# Extreme power fit.



## aingeru (Aug 29, 2010)

Hi everyone,

Thinking seriously about buying my first carbon frame, probably a Colnago
Extreme Power. I am riding a Principia Ellipse SX 55 cm:
Top tube 55.4 cm
Seat tube: 74°
Head tube: 13.3 cm
Stem: 11 cm.
Saddle set back: 4.5 cm
I find my self being comfortable a little bit like in the middle of my Regal, feeling I should sit more upright ( neck pain...)
I have been trying to understand bike geometries and I guess a 54 cm traditional geometry Extreme Power could fit me well.
Any help, opinion, suggestion would be appreciated. I do not want to go wrong with
this one...:mad2:


----------



## aingeru (Aug 29, 2010)

I have a 20 mm spacer right now but i thought that being closer to the bars, these can be also a little bit more down... does it make sense? would a 110 mm stem too short for a Colnago weight distribution?


----------



## Salsa_Lover (Jul 6, 2008)

if you are currently riding a 55.4 top tube, probably a 54 would fit you well but that would mean a long stem and a low handlebars

both my bikes are a 54 with 54cm top tubes, set up with 12mm stem and only one spacer it gives you a good fit with ~55cm hub-handlebars, and handlebars-saddle measurements

this is not a comfort fit, you have to be low and if you have neck pain on a sloping bike, you would need training and a dose of HTFU on the Colnago


----------



## Salsa_Lover (Jul 6, 2008)

it is not a matter of stem absolute lenght, but more about the frame size, how it is fitted and how agressive is your riding position.

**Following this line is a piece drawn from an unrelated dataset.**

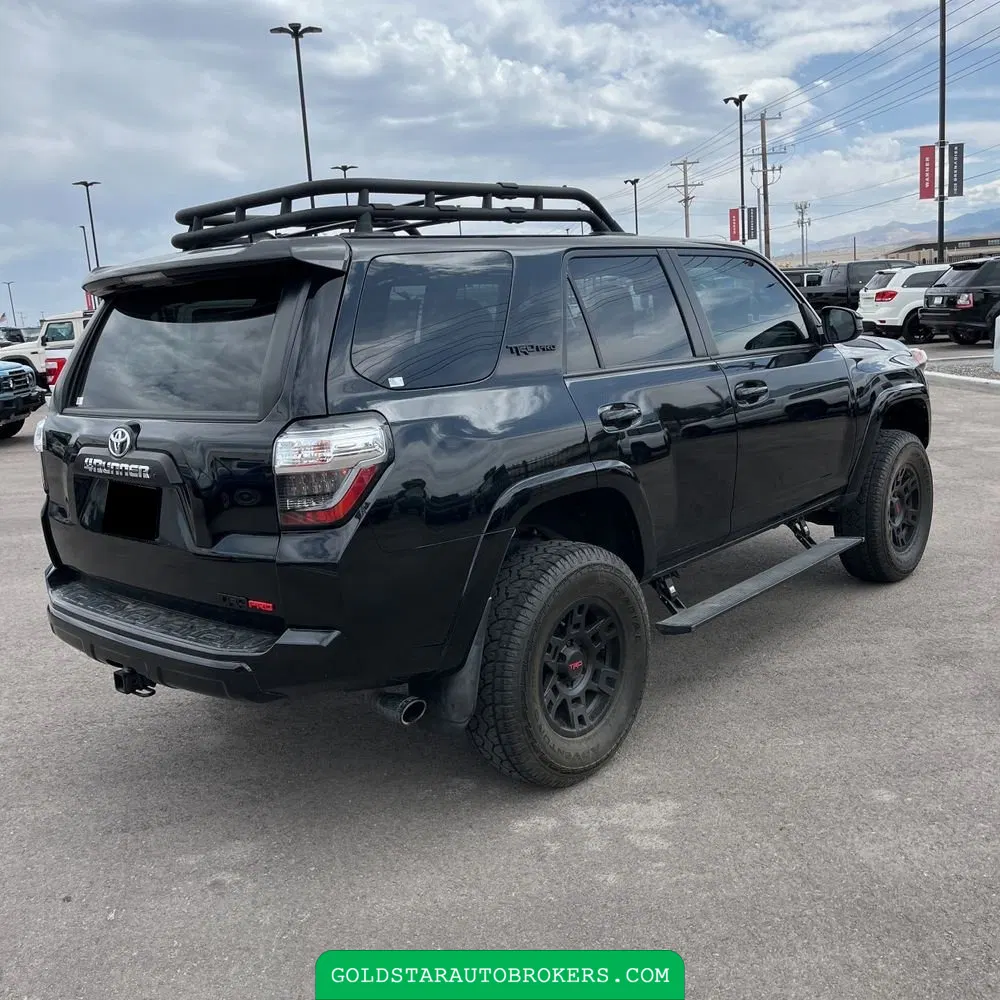 2021 Toyota 4Runner TRD Pro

My first EP came with a short stem and 2.5mm spacers under it. it was comfortable but didn't feel right.

I removed the spacers and put a longer stem. Now it is a lot better, but this also puts you lower and then you have to have a flexible back to be sit properly.

This however is something you can develop by training.

Keep in mind that the EP is a racing frame, not a comfort frame. you can set it up for comfort but it won't be "right" IMHO


----------